Month: a 2 digit input is needed, but here the url automatically appends the 0 in case month < 10. So, if the user enters 2, then the url forms 02, but if the user enters 02, the url forms 002. Here, the 0 may need to be appended or removed.

P.S: I know this method followed by the url s*c&s, but I just need to work with it.

开发者_C百科Thanks,

Sriram

---

It's a little unclear what you're asking for. If you're only looking to strip one leading zero, then this will do:

month=${month#0}

This will turn 02 into 2, and 12 remains 12.

If you need to remove more than one zero (above 002 will turn into 02), you'll need to do something different, like using regular expressions

while [ -z "${month##0*}" ]; do month=${month#0}; done

or use regular expressions, like with sed

month=$(sed -e 's/^0*//'<<<"$month")

HTH

EDIT
As per your edit; as has already been suggested, use printf

month=$(printf %02d "$month")

this will turn 2 into 02, 12 remains as is, as does 123. If you want to force a two digit number or you don't have printf (which is a shell built-in in bash, and usually available otherwise too, so chances are pretty low), sed can help again

month=$(sed -e 's/.*\(..\)$/\1/'<<<"00$month")

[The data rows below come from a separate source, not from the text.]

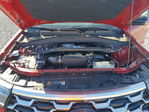Ford Explorer 2025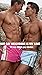 HOT GAY NEIGHBOUR IS MY LOVE  by Bob Chapler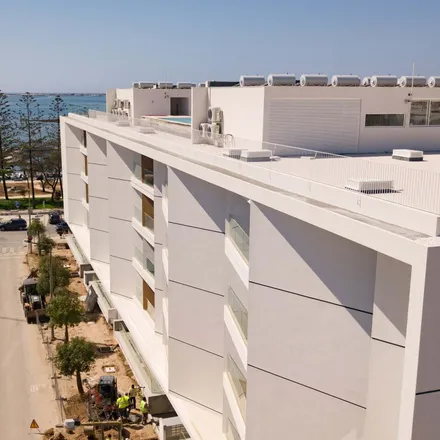 Buy this 2 bed apartment on Olhão in Faro, Portugal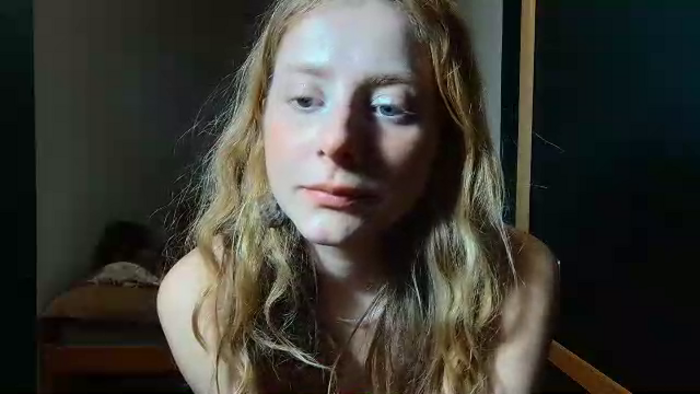 dianka666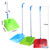 Dustpan Set (DP210)
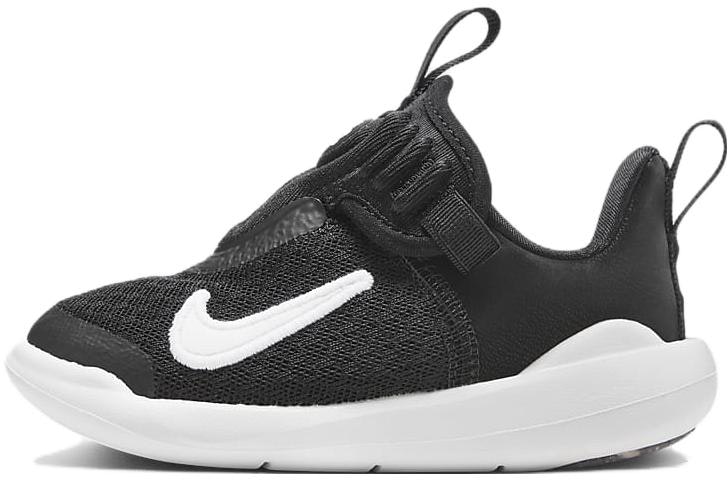 nike-e-series-1-0-black-white-td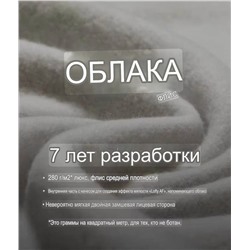 Женский кардиган Marin*e Laye*r 🌊   Экспорт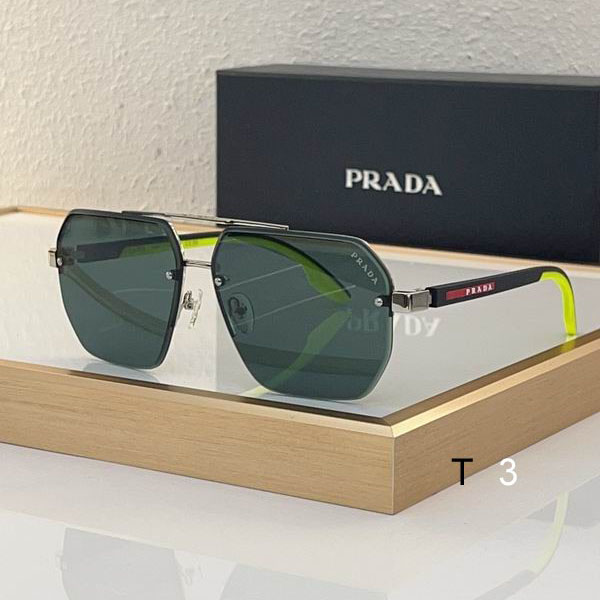 Prada PR 173VS  63 12-140 c02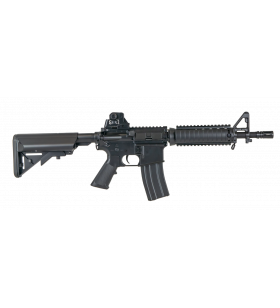 Colt M4 CQB AEG ABS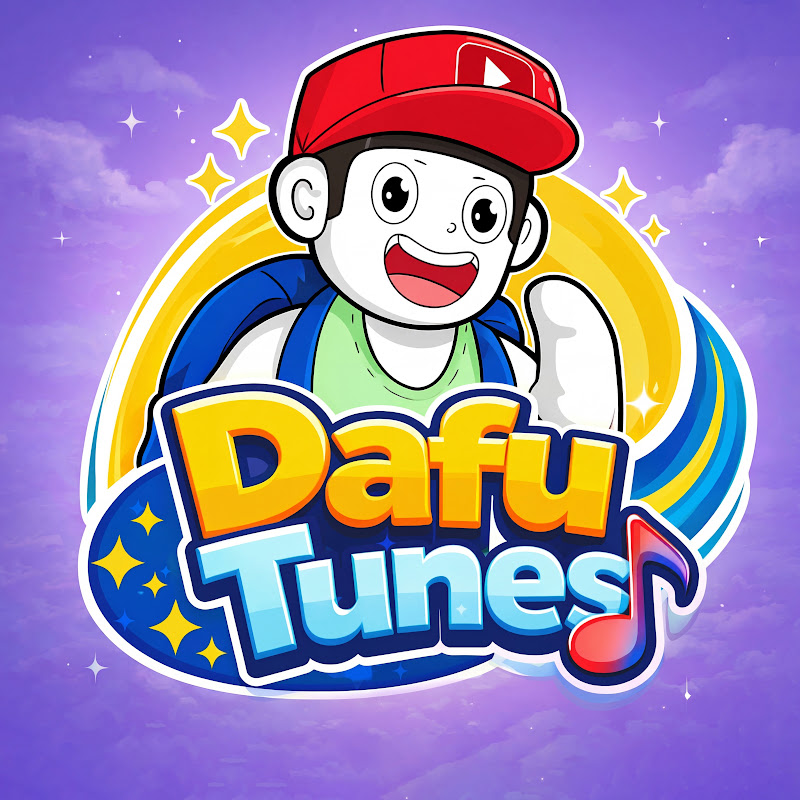 Dafu Tunes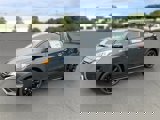 New 2024 Mitsubishi Mirage Black Edition image 3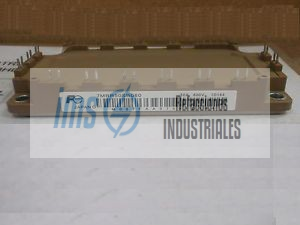 7MBR50SB060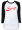 I Love Teaching T-shirt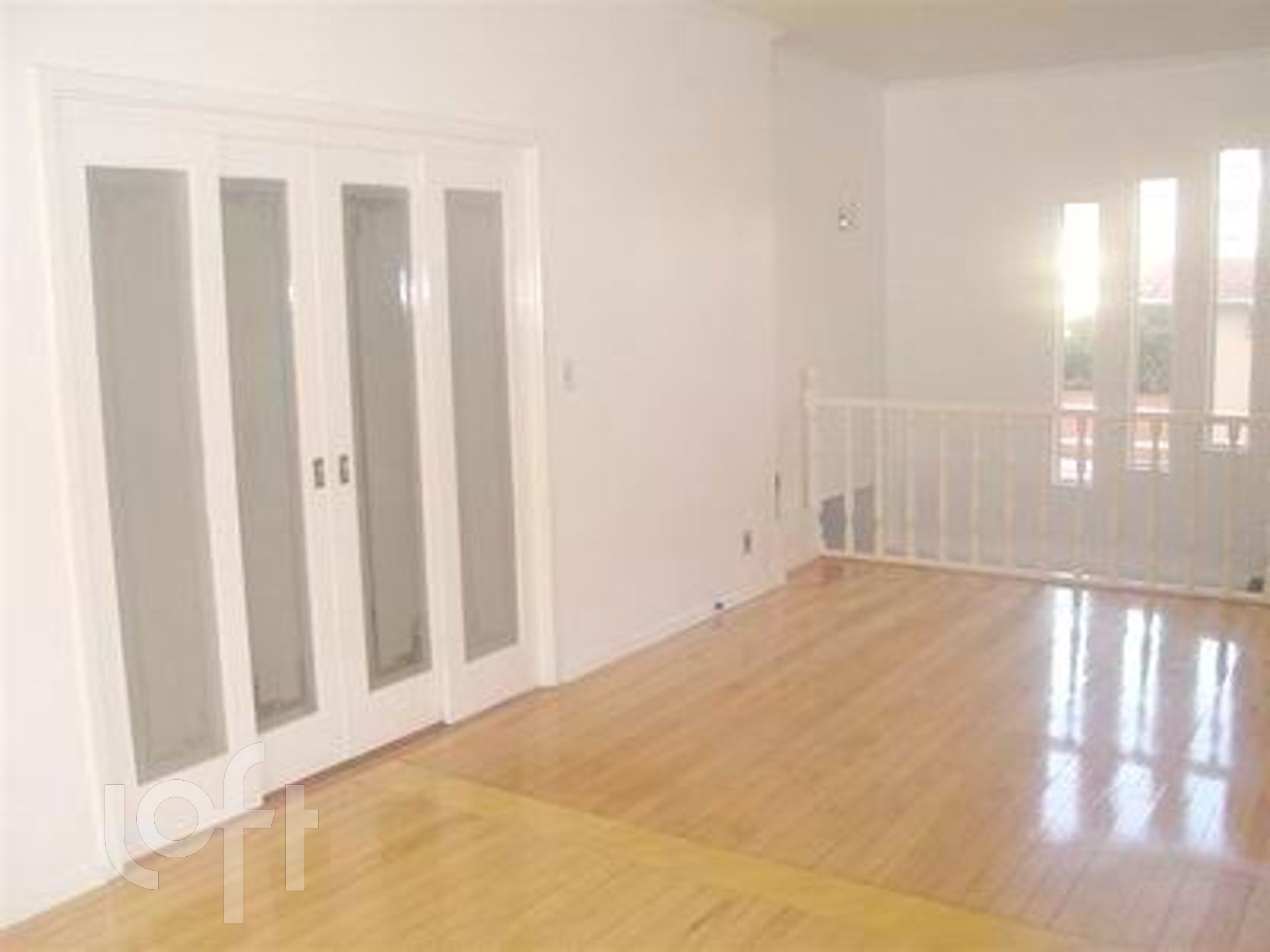 Imagem da propriedade 2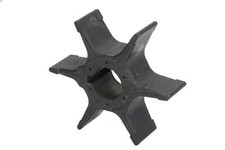 Turbine, pompe à eau SIERRA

which will prepend two zeros (002) and keep the last two characters (02), turning the empty string into 00 as well. This will turn a into 0a too though. Come to think of it, you don't need sed for this

month="00$month"
month="${month:0-2}"

(The 0- is required to disambiguate from default value expansion)

---

Just use printf.

For example $(printf "%02d" $day) to add the leading zero in case.
And $(printf "%1d" $month) to strip the zero in case.

---

To strip all leading zeros, regardless of the number and regardless of the number of final digits (it fixes "010" for example):

shopt -s extglob
month=009
month=${month##+(0)}
echo "$month"

Demo:

$ for a in 2 02 002 0002 20 020 00200; do echo ${a##+(0)}; done
2
2
2
2
20
20
200

To fix any date:

shopt -s extglob
fixdigits () {
    if (( ${#1} > 2 || ${#1} < 1 ))
    then
        echo "Invalid number of digits"
        return 1
    fi
    printf '%.2d\n' 0${1##+(0)}
}

Demo:

$ for a in 2 02 002 0002 20 020 00200; do fixdigits $a; done
02
02
Invalid number of digits
Invalid number of digits
02
Invalid number of digits
Invalid number of digits

Alternatively:

shopt -s extglob
fixdigits () {
    digits=${1##+(0)}
    if (( ${#digits} > 2 || ${#digits} < 1 ))
    then
        echo "Invalid number of digits"
        return 1
    fi
    printf '%.2s\n' 0$digits
}

Demo:

$ for a in 2 02 002 0002 20 020 00200; do fixdigits $a; done
02
02
02
02
02
02
Invalid number of digits